GIVEN DATA:
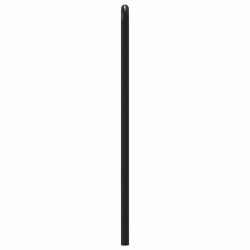 Tête de lit chêne sonoma 120 cm acier et bois d'ingénierie 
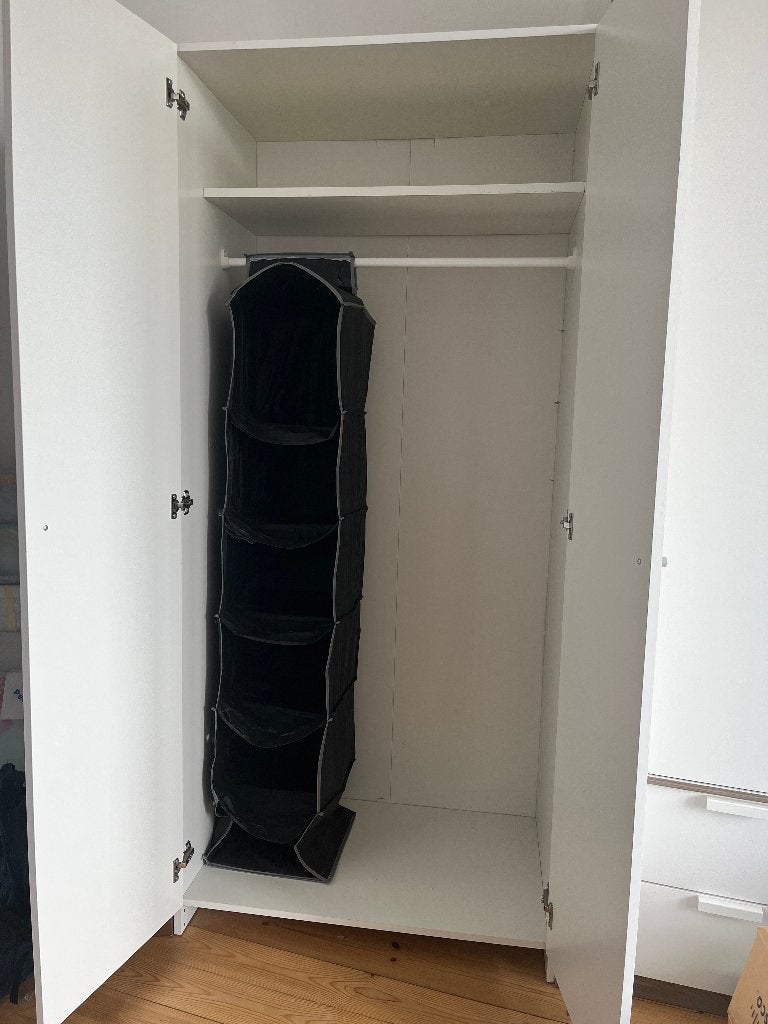 Armoire blanche 2 portes, Maison & Meubles, 25 à 50 cm, Utilisé, 50 à 100 cm, 150 à 200 cm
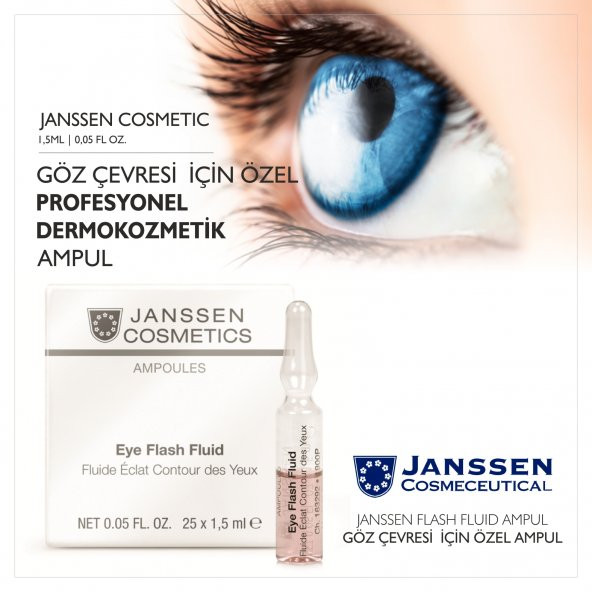 3 ADET ALMANYA ÜRETİMİ - JANSSEN COSMETiC CİLT BAKIM SERUMU 3 ADET X 2ML - KARMA PAKET TERCİHİ YAPABİLİRSİNİZ! - 4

PROBLEM DESCRIPTION:
Set out exactly, and only, the lines between the first line of the listing and the line containing "Armoire blanche 2", counting both, while leaving every picture out.

YOUR SOLUTION:
 Tête de lit chêne sonoma 120 cm acier et bois d'ingénierie 
 Armoire blanche 2 portes, Maison & Meubles, 25 à 50 cm, Utilisé, 50 à 100 cm, 150 à 200 cm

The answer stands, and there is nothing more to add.